SALEM, Ore. – In February, Oregon lawmakers voted to reign in a renewable energy tax credit program. The incentives had turned out to be far more generous than anyone intended. One of the new rules in place curbs the ability of companies to receive multiple tax credits by simply breaking up a larger project into several smaller ones. But that hasn't stopped at least one major player in the renewable energy industry from making the case for multiple versions of Oregon's Business Energy Tax Credit. [Salem Correspondent Chris Lehman looked into the issue.
Drive through Oregon these days and you're bound to see windmills popping up like daisies. Oregon's abundant wind powers scores of turbines in the rural eastern part of the state. But look out wind, because…
Music: “Here comes the sun, here comes the sun…”
Sound: Record needle scratching
Not so fast.
David Brown: “Solar power, while the prices have come down quite a bit in the last three years, it's still not competitive with traditional power or even frankly with larger scale wind projects.”
Unless, says David Brown of Portland-based Obsidian Renewables, the solar projects get a helping hand. In this case, the helping hand Brown sought was the Business Energy Tax Credit. It's often referred to by its acronym, BETC, pronounced “Betsy.” Obsidian submitted five separate applications for large solar energy projects in sunshine-drenched south-central Oregon. Some of the sites would have more than 20,000 solar panels.
The Oregon Department of Energy last year gave a preliminary green-light to giving Obsidian five BETC credits worth a total of $50 million. If you were to set five separate tax credits to music, it would sound like “Here comes the sun” played 5 times over top of each other.

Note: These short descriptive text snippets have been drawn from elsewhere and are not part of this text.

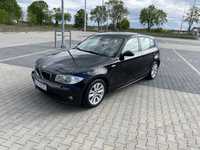 BMW 1 / 2.0 benzyna / navi / xenon / zarejestrowana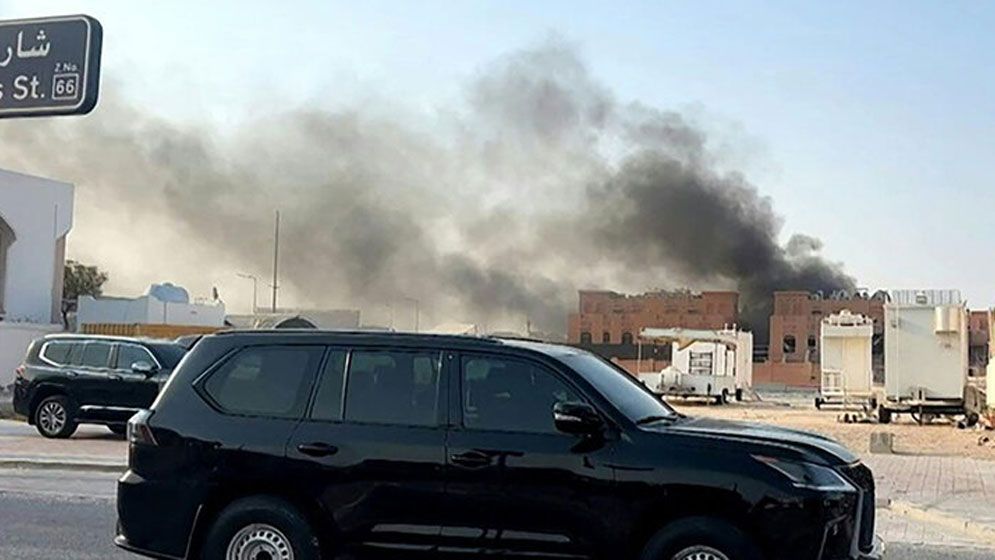 কাতারে ইসরাইলি হামলা, বিশ্বজুড়ে নিন্দার ঝড়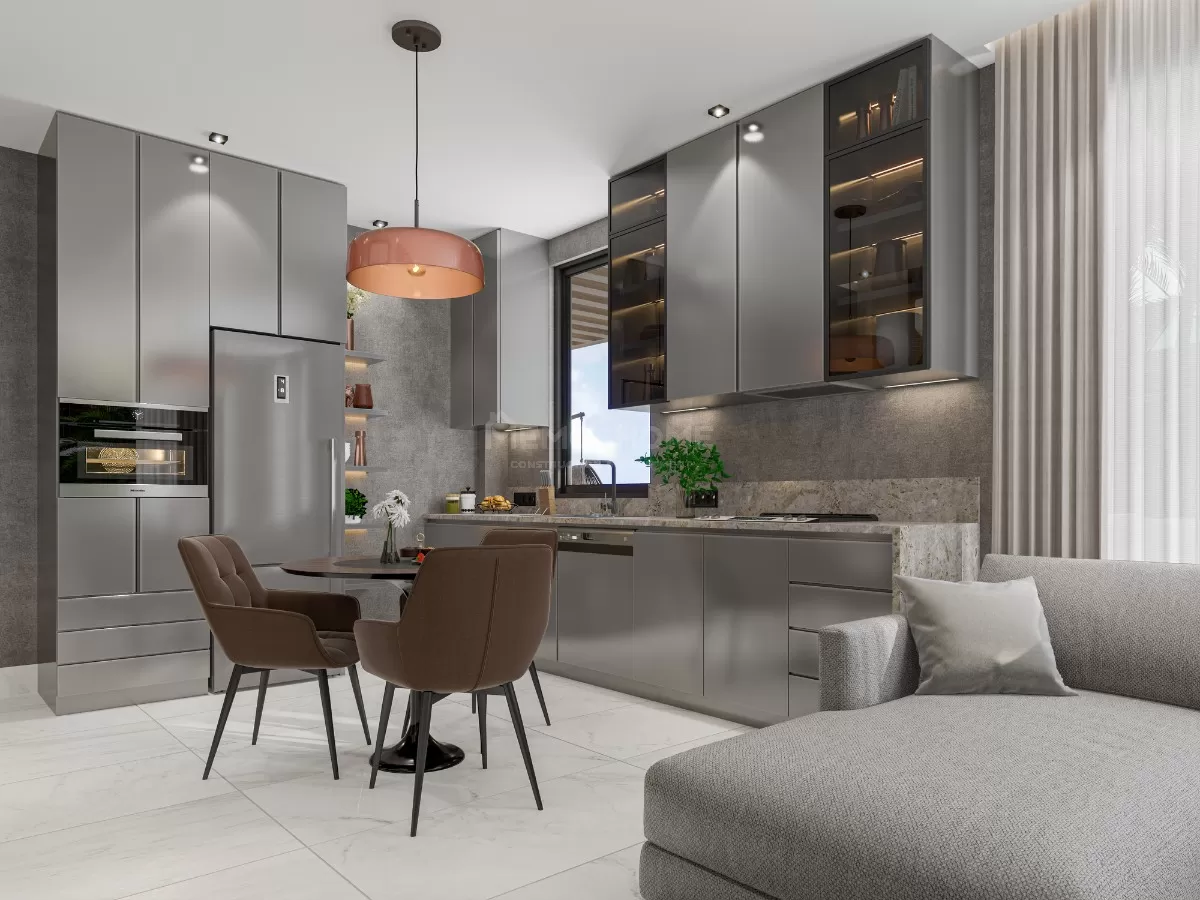 Luxury Apartments In Alanya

As opposed to just one tax credit, worth $10 million.
But last fall, the tax credit program came under increased scrutiny and regulators wrote up new rules. Part of the aim was to limit the ability of companies to get multiple credits for what could sometimes be considered the same project. Here's Mark Long, the interim director of the Oregon Department of Energy.
Mark Long: “Additional standards, accountability and authority measures were necessary so the agency could prioritize and approve projects that met strong energy efficiency, renewable conservation standards.”

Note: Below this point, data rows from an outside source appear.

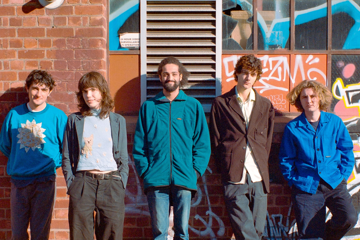 Any Young Mechanic // Free entry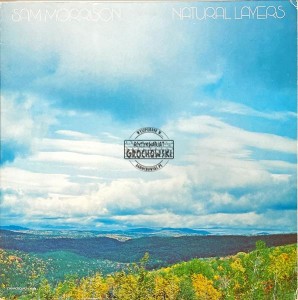 Sam Morrison – Natural Layers LP (1st press)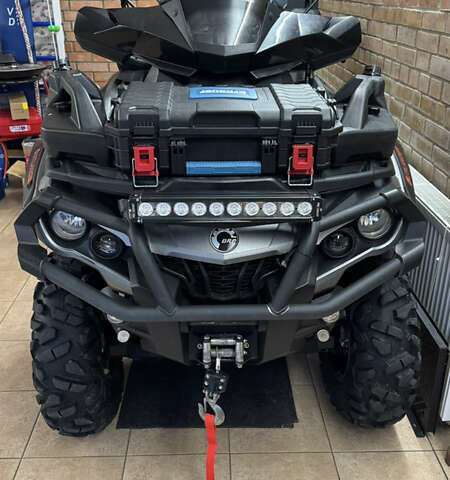 БРП Кан Ам, об'ємом двигуна 1 л та пробігом 5 тис. км за 13700 $, фото 1 на Automoto.ua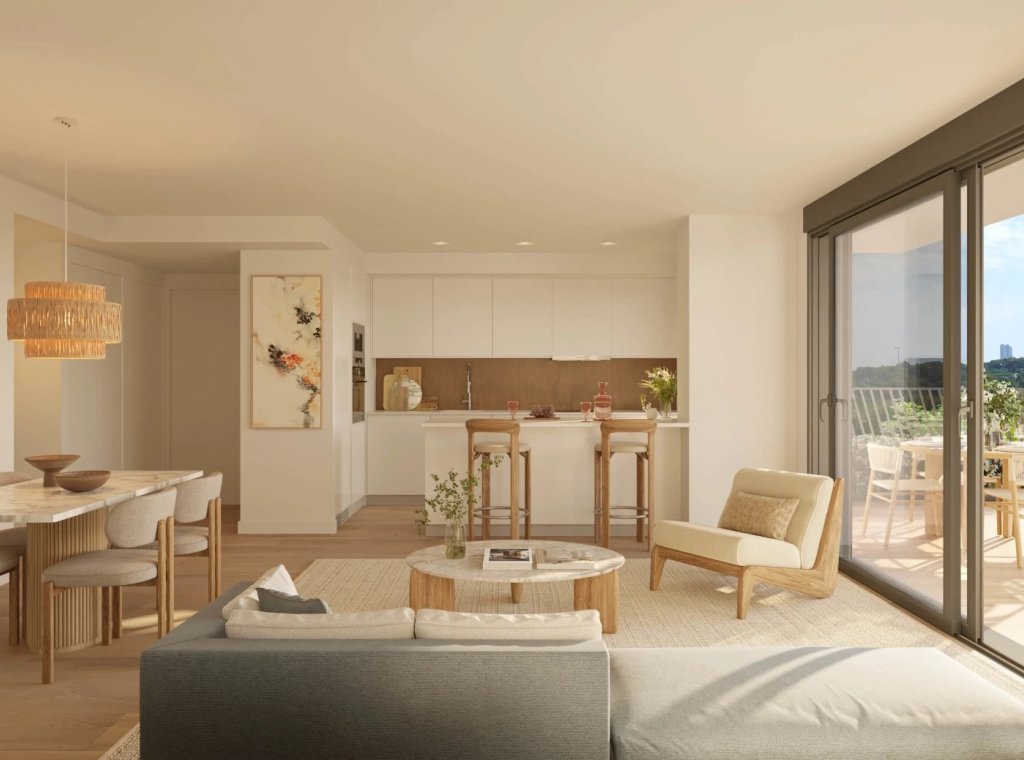 Obra nueva - Apartamento / piso - La Vila Joiosa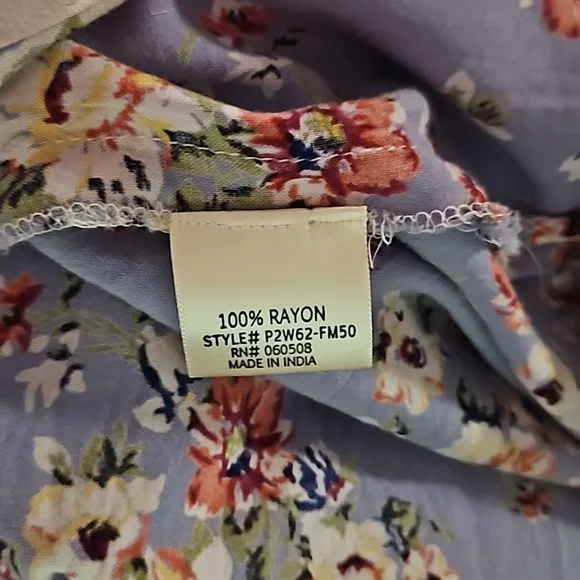 Size lg kimono - Picture 7 of 8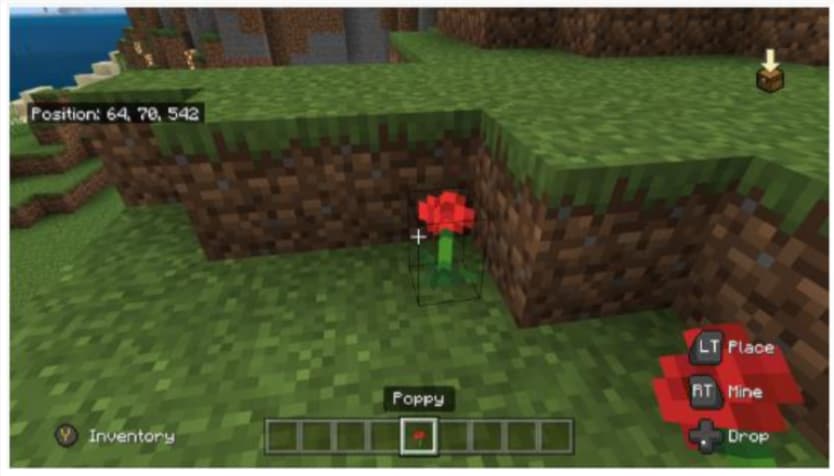  Minecraft Flowers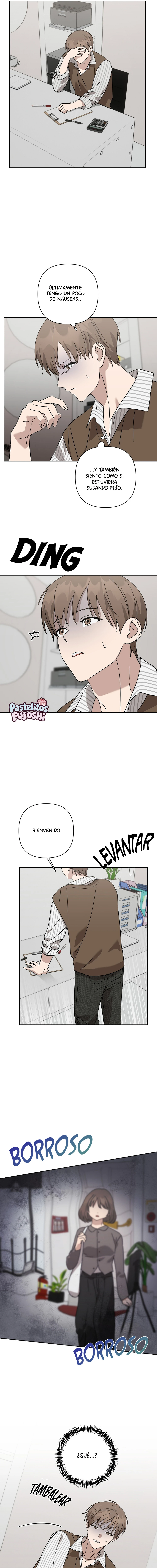 Por fin llega la primavera (omegaverse) Capitulo 31 página 14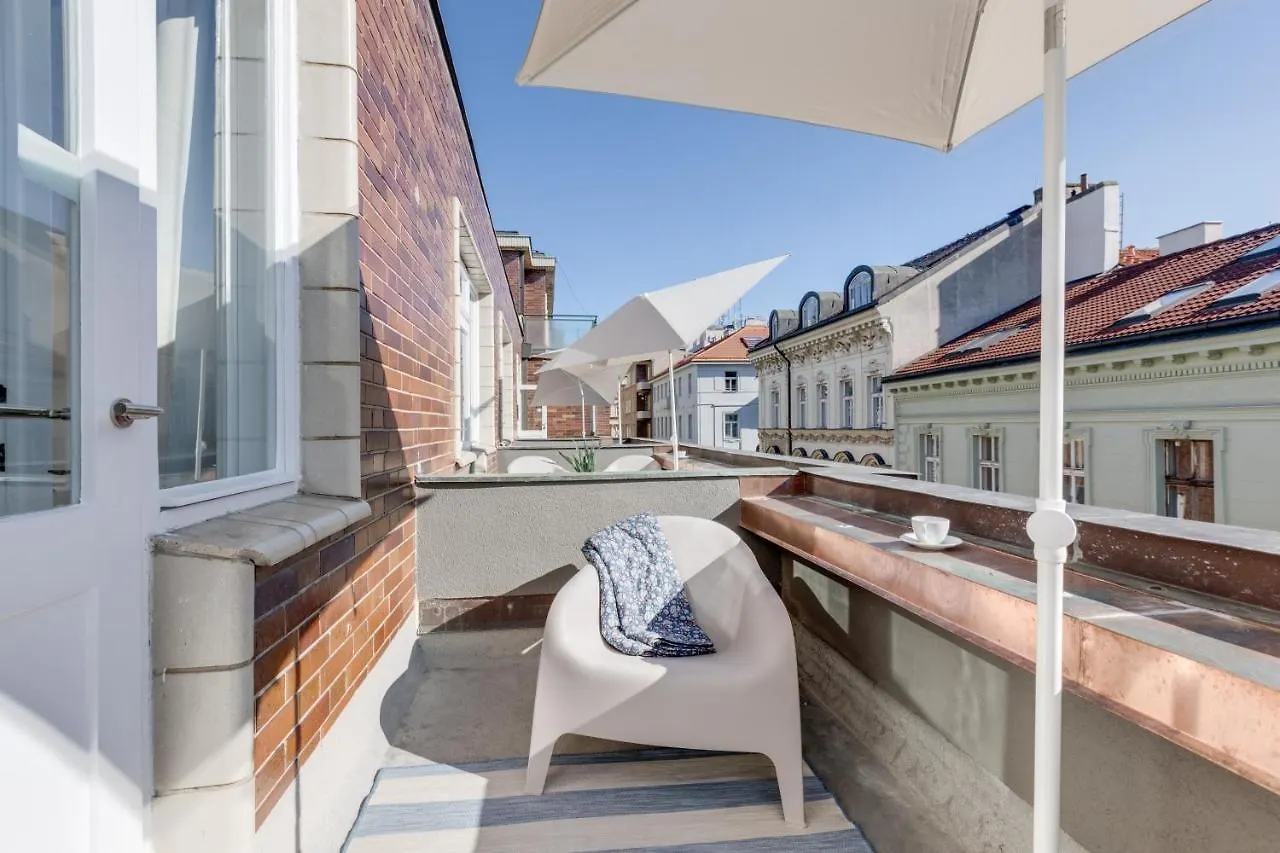 Riben House Prague Aparthotel Czech Republic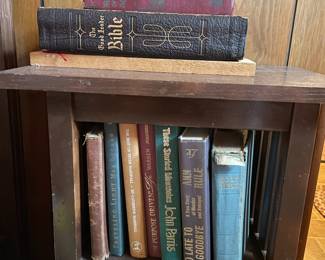 Vintage books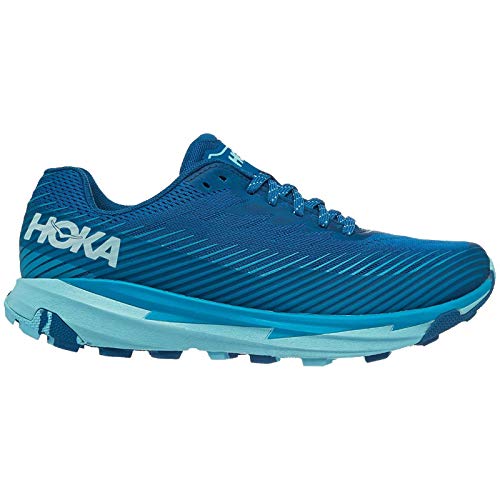 Hoka Torrent 2, Zapatillas de Trail-Running por Mujer, Azul (BlueSapphire/AngelBlue BSAB), 40 EU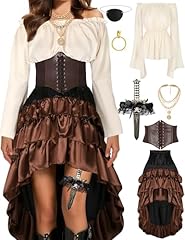 Cicoci pirate costume for sale  Delivered anywhere in USA 
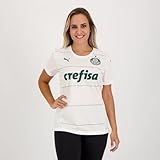 Camisa Puma Palmeiras II 2022 Feminina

The Legislature put its own stamp of approval on many of the new rules during the February special session. But Obsidian continued making its case for five separate credits. That's according to documents I obtained through a public records request.
The company kept asking even after lawmakers passed the BETC bill. In a letter to the Department of Energy in March, Obsidian's David Brown detailed his reasons for why the solar projects should qualify for multiple credits. The agency didn't bite. One analyst wrote in an email to colleagues, “It appears that Obsidian is not reading the rules, but making a loose interpretation of what they think they can make an argument for.” The Department's Mark Long says Obsidian's applications failed to meet the standards to qualify as multiple projects.

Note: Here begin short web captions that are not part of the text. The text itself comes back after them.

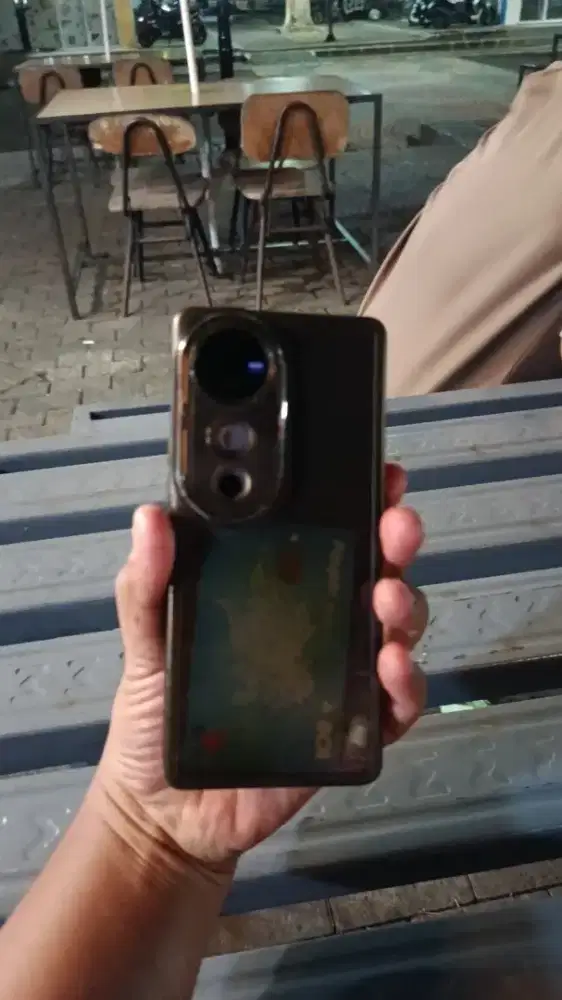 Vivo v40 fulset ram 12/256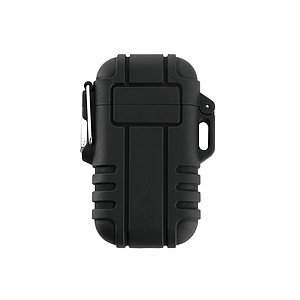SCHWARZWOLF SANFORD electric rechargeable lighter, black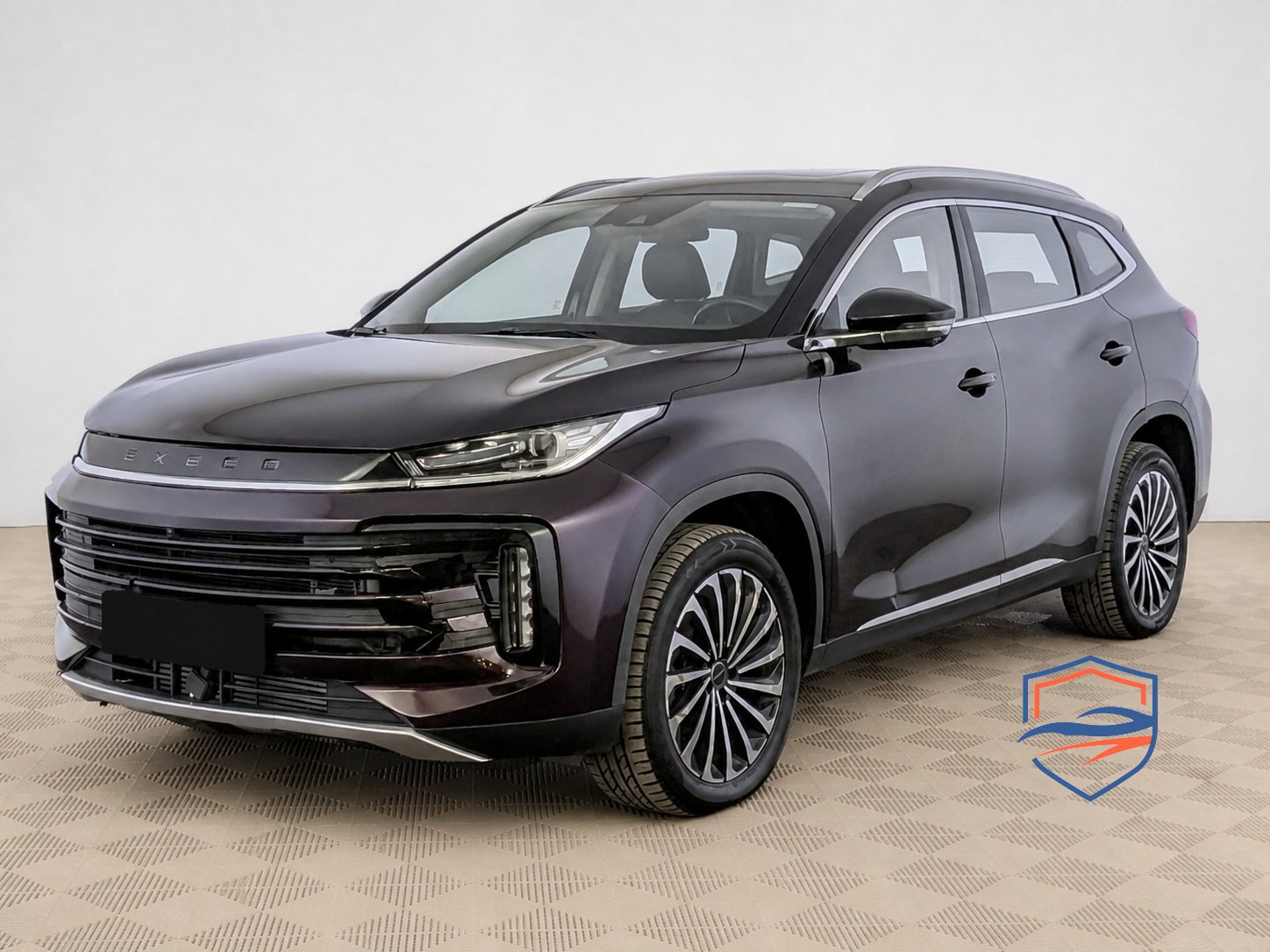 EXEED - Exeed TXL, 2022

Mark Long: “It's a process that looks at roughly 10 factors and a series of rules to determine whether it's a single project or a multiple project. And I'm sure that the staff has analyzed this according to those factors and has responded back to this applicant that it's the department's position that this is a single project.”
Indeed, the Department sent a letter to Obsidian late last month telling the company its applications would be combined into a single project for a tax credit of $10 million, instead of the $50 million Obsidian sought. Obsidian's David Brown says he disagrees with the agency's conclusions. He says some of the proposed solar installations are over a hundred miles apart from each other and shouldn't be considered a single project.
David Brown: “At least right now it looks like their proposal is that you can only do one project in the entire state, that the line is the exterior boundary of the state of Oregon. But that is clearly not the correct interpretation of the law in my view.”
The Department of Energy did not cite the geographic proximity—or lack thereof—of the various Obsidian locations in its letter to the company. Division Administrator Bob Repine cited other factors, including the fact that each location would have common financing and shared expenses of capital investments. Obsidian's continued requests to qualify for multiple Business Energy Tax Credits is an example of trying to game the system, says one state government watchdog. Jon Bartholomew is with the Oregon State Public Interest Research Group.
Jon Bartholomew: “The new rules that were put forth by the Department of Energy were to crack down on exactly this kind of thing. What you see is where there's money involved, people will do whatever they can to try to take advantage of that money.”
David Brown of Obsidian says he hasn't decided yet whether he'll appeal the Department's ruling. He says he may wait until after the agency finalizes the rule changes that have been discussed over the past few months. Those regulations are expected to take effect in the coming weeks. [I'm Chris Lehman in Salem.]